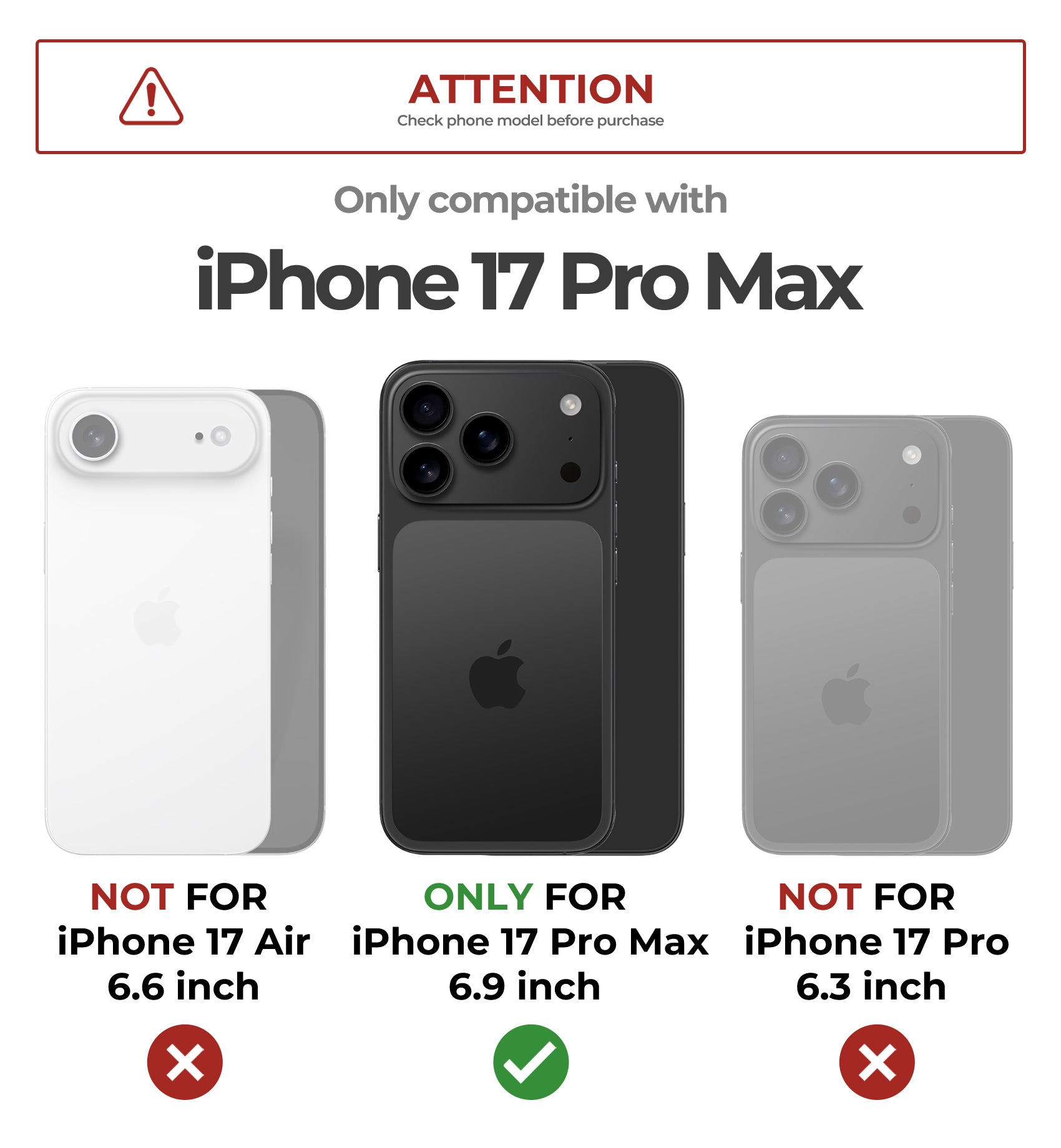 Dexnor Case For iPhone 17 Pro Max With Flip Camera Cover MagSafe Heavy-duty Shockproof Bumper Full Body Built-in Screen Protector 6.9 Inch
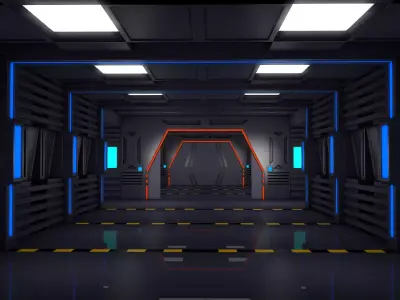Sci Fi Corridor 3D model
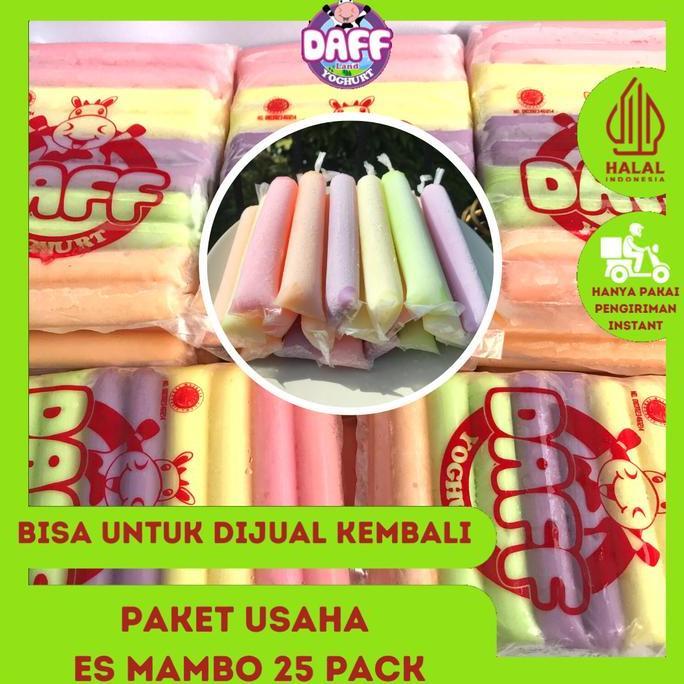 Leite - Paket Daff Yoghurt Es Stick 25 Packs (Paket Usaha Murah)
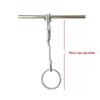 304 Stainless Steel Solid Welded Ring Swing Chain for Indoor/Outdoor Playgrounds - Suitable for Adults and Children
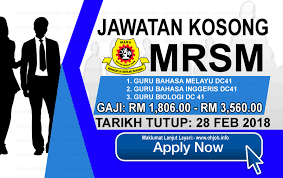 Jawatan kosong terkini konstabel polis bantuan pos via kerjaya.co. Jawatan Kosong Maktab Rendah Sains Mara Mrsm 28 Februari 2018 Jawatan Kosong Kerajaan Swasta Terkini Malaysia 2021 2022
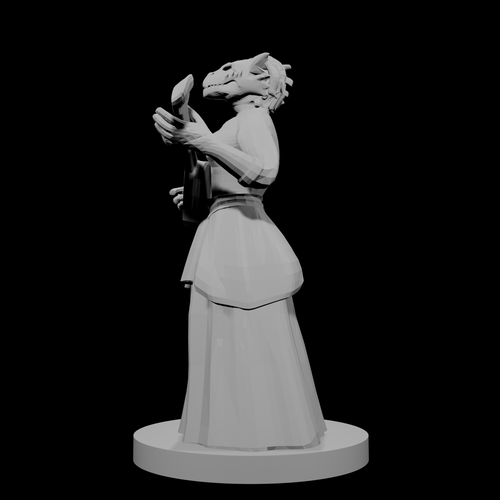 Dragonborn Female Bard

_Instructions to follow:_ From the line that contains "304 Stainless Steel" to the last line of the records above, copy each line exactly, both ends included, and leave the pictures out.

_Answer box:_
 304 Stainless Steel Solid Welded Ring Swing Chain for Indoor/Outdoor Playgrounds - Suitable for Adults and Children
 Jawatan kosong terkini konstabel polis bantuan pos via kerjaya.co. Jawatan Kosong Maktab Rendah Sains Mara Mrsm 28 Februari 2018 Jawatan Kosong Kerajaan Swasta Terkini Malaysia 2021 2022
 Dragonborn Female Bard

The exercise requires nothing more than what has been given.